Directions »
What you return should match the data word for word, minus the images.

Provided data »
:::
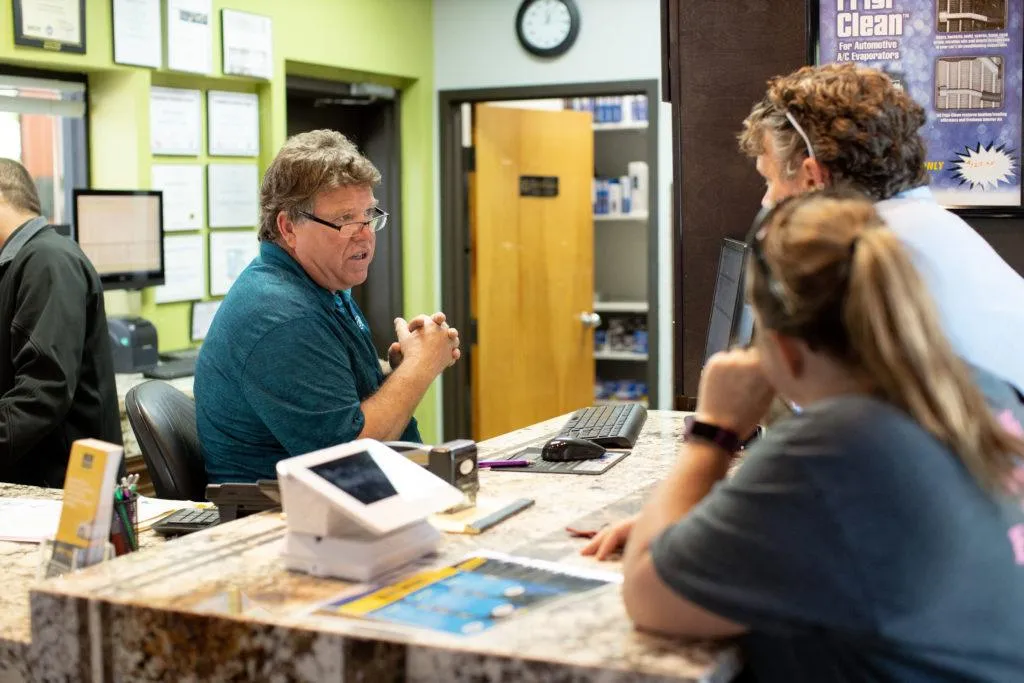 Helping customers in shop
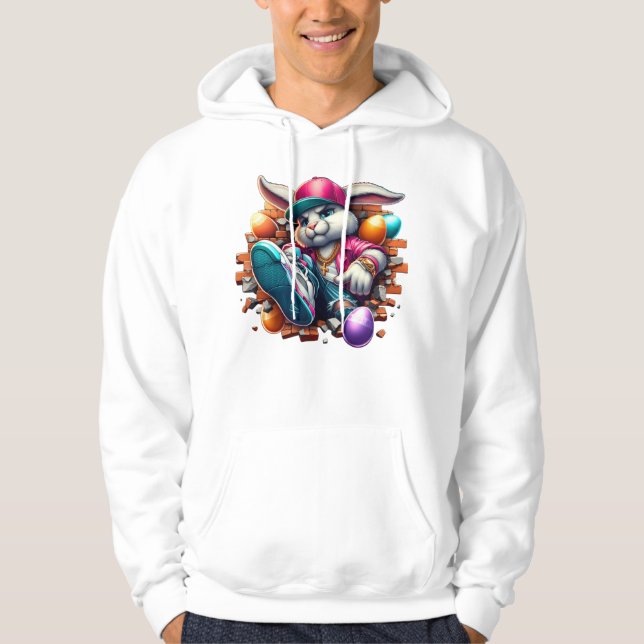  Funny hip hop Gangster Bunny Easter Urban Design Hoodie (Front)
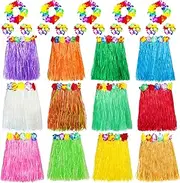 Garma Kids Grass Skirt Bulk Includes 12PCS Hawaiian Luau Hula Skirts + 12 PCS Headbands +24PCS Wristbands for Hawaiian Themed Parties, Tropical Themed Party Dance, Show, Activity, Festive Occasions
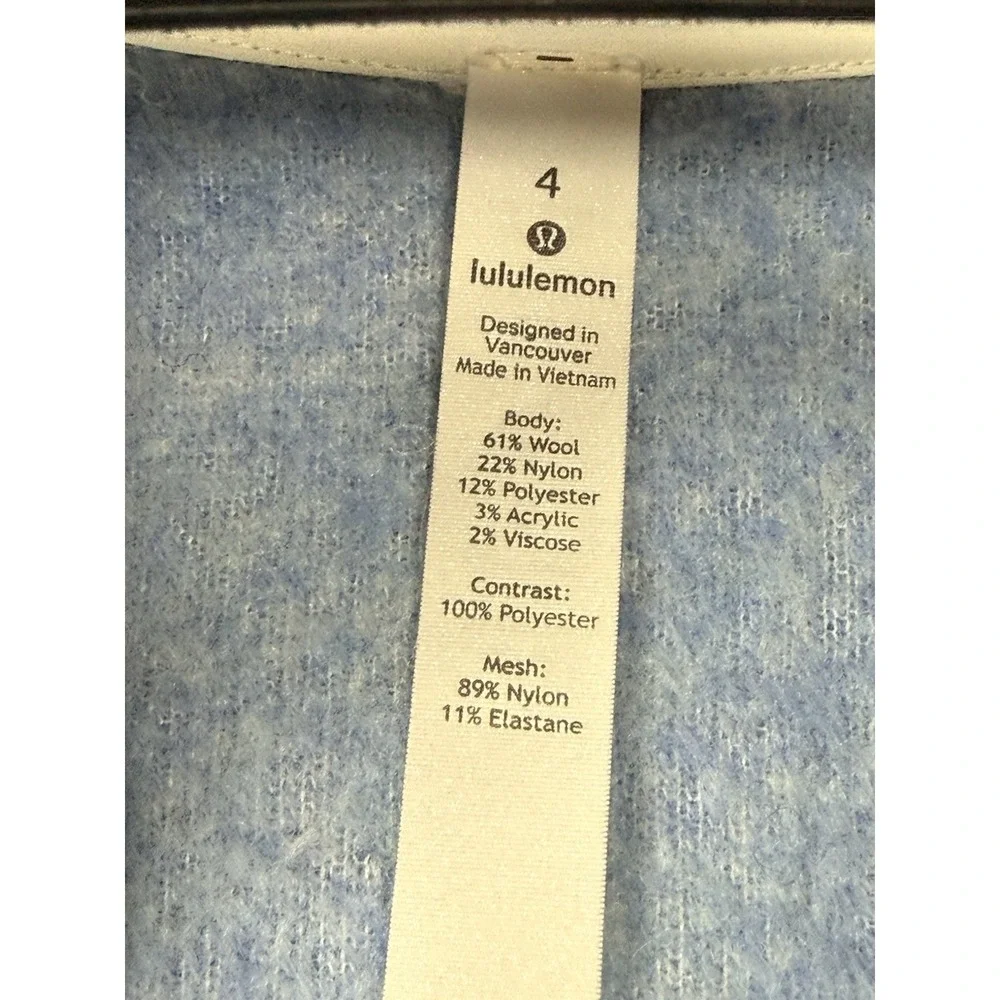 Lululemon Wool-Blend Full Zip Hoodie‎ Light Blue Size 4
:::
Exercise result »
 Helping customers in shop
  Funny hip hop Gangster Bunny Easter Urban Design Hoodie (Front)
 Garma Kids Grass Skirt Bulk Includes 12PCS Hawaiian Luau Hula Skirts + 12 PCS Headbands +24PCS Wristbands for Hawaiian Themed Parties, Tropical Themed Party Dance, Show, Activity, Festive Occasions
 Lululemon Wool-Blend Full Zip Hoodie‎ Light Blue Size 4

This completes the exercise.